Lichtman just couldn't wrap her head around the possibility that her mom had sex outside of marriage.
"She wasn't a drinker or a partyer. She was the most conservative, honest. She didn't even swear," Lichtman says of her mom. "I was devastated at the time. I had the best family, the best sister in the world. Our mom loved us."
When they first signed up for 23andMe, which was a gift from their father's current wife, the sisters saw warnings, which included, "Though uncommon, unexpected relationships may be identified that could affect you and your family."
"We literally were cracking up. What could you possibly find out?" Lichtman remembers thinking.
In November, Lichtman phoned the man her dad had mentioned. His number was still in her mom's old phone book.
"What I'm about to tell you is very shocking, but I have reason to believe you are my biological father," Lichtman told him, explaining that she just wanted to know the story. "I don't want to ruin your life. I don't need your money. I don't need a kidney."
The man, in his 80s, remembered Lichtman's mom.
"Your mom was a wonderful person. She was such a lady. She used to bring you into work," he told her. "Your mother and I were very good friends, but there was nothing romantic."
He invited her to call him back later if she wanted to discuss it further. After the holidays, she phoned him and didn't get an answer. "I looked him up in the paper and saw his obituary," Lichtman says.
Lichtman says she doesn't think her mom ever told anybody and might not have even known her firstborn was his. "They both took it to the grave," Dubin says.
But Lichtman talked with the man's son, who also wanted some answers. He took a DNA test that proved he and his sister were half-siblings to Lichtman. He and his sister met Lichtman and Dubin at a Panera Bread in February, before coronavirus restrictions.
"It was like a soap opera," Dubin says.
"We met. We talked. They were amazing," Lichtman says. "They were so kind to me. I was crying. I didn't want to hurt someone else."
Her new half-brother texted her that night to make sure she was OK.
"He's the nicest guy ever," Dubin says.
"We've had a couple Zooms," Lichtman says, envisioning a post-pandemic time when they can get together as a family. "We all text. Hopefully they'll come in the backyard and just hang out."

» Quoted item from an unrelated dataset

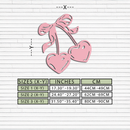 Cherry Heart Silhouette Metal Wall Art – Romantic Bow Design - KAFGP046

Lichtman looks almost identical to one of the cousins, and her new half-brother's daughter looks very similar to Lichtman's 21-year-old daughter, Rachael. Lichtman also has a 19-year-old son, Brent, and a good relationship with her ex-husband, she says.
Dubin, who has a 17-year-old son named Andrew, and Lichtman hold hands, finish each other's sentences and say there is nothing halfway about their bond as sisters. Life would have been easier had they never known the truth, but Lichtman says she's happy.
"The DNA may not be the same, but that love is in your heart, not in your DNA," she says. "My dad is my dad. I'd never want him to think for one second that I didn't think of him as my dad. Truly, I've never felt more loved by my dad since this happened. I've never felt more loved."
Her dad, however, does have "one request," says Lichtman. "He said he wants Harrison Ford or Clint Eastwood to play him in the movie."